Credit: Dave Armstrong via earthtimes.org

Check out what’s happened this week in forestry news!

Tropical rainforests are important carbon sinks that reduce global greenhouse gases, so the recent study investigating how tropical trees may be more drought-resistant shows how they’re adapting to climate change.

The “Trump Forest” project began a little under a year ago in response to President Trump’s pledge to pull the U.S. out of the Paris climate agreement. Since then, over 3,300 people have donated funds to plant new forests around the world. The project hopes to combat Trump’s pro-fossil-fuel energy policy.

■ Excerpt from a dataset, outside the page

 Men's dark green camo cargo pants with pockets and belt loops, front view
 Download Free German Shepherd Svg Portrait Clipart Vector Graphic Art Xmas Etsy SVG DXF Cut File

Climate change can influence the geographic distribution of a species due to their response to changing conditions, and it may also affect the evolutionary trajectories of interbreeding species. A new study in the Proceedings of the National Academy of Sciences examines the movement of the Eastern and Canadian tiger swallowtail butterfly to see how climate change affects the management of their biodiversity.

One of the biggest craters in Siberia’s permafrost region is known as the “doorway to the underworld” by the local Yakutian people. It’s growing so rapidly that long-buried forests, carcasses, and up to 200,000 years of historical climate records are being uncovered.

In recent years, the European red squirrel population has been competing for resources with the invasive North American gray squirrel. Scientists tested both squirrels’ problem-solving abilities with one simple puzzle, and a complex one, to investigate why the red squirrel population is decreasing.